## Exercise data
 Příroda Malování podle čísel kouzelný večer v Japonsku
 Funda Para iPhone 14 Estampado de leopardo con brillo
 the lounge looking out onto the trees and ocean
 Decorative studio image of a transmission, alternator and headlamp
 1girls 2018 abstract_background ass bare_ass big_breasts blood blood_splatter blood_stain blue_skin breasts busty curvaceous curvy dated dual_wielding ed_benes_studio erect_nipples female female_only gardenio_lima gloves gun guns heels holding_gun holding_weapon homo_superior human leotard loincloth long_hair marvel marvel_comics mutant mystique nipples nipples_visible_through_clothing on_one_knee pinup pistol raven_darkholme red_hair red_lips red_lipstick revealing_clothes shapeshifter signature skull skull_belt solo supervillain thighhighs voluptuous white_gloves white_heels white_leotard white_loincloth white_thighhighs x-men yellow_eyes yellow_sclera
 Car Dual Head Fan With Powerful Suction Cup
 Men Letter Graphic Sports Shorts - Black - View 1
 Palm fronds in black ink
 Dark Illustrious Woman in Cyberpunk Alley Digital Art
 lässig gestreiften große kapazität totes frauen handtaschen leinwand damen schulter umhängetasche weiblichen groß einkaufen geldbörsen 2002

## Activity
When you reach the line that contains "Decorative studio image" in the material above, please copy it and every line after it exactly, stopping only at the last line.

## The completed task
 Decorative studio image of a transmission, alternator and headlamp
 1girls 2018 abstract_background ass bare_ass big_breasts blood blood_splatter blood_stain blue_skin breasts busty curvaceous curvy dated dual_wielding ed_benes_studio erect_nipples female female_only gardenio_lima gloves gun guns heels holding_gun holding_weapon homo_superior human leotard loincloth long_hair marvel marvel_comics mutant mystique nipples nipples_visible_through_clothing on_one_knee pinup pistol raven_darkholme red_hair red_lips red_lipstick revealing_clothes shapeshifter signature skull skull_belt solo supervillain thighhighs voluptuous white_gloves white_heels white_leotard white_loincloth white_thighhighs x-men yellow_eyes yellow_sclera
 Car Dual Head Fan With Powerful Suction Cup
 Men Letter Graphic Sports Shorts - Black - View 1
 Palm fronds in black ink
 Dark Illustrious Woman in Cyberpunk Alley Digital Art
 lässig gestreiften große kapazität totes frauen handtaschen leinwand damen schulter umhängetasche weiblichen groß einkaufen geldbörsen 2002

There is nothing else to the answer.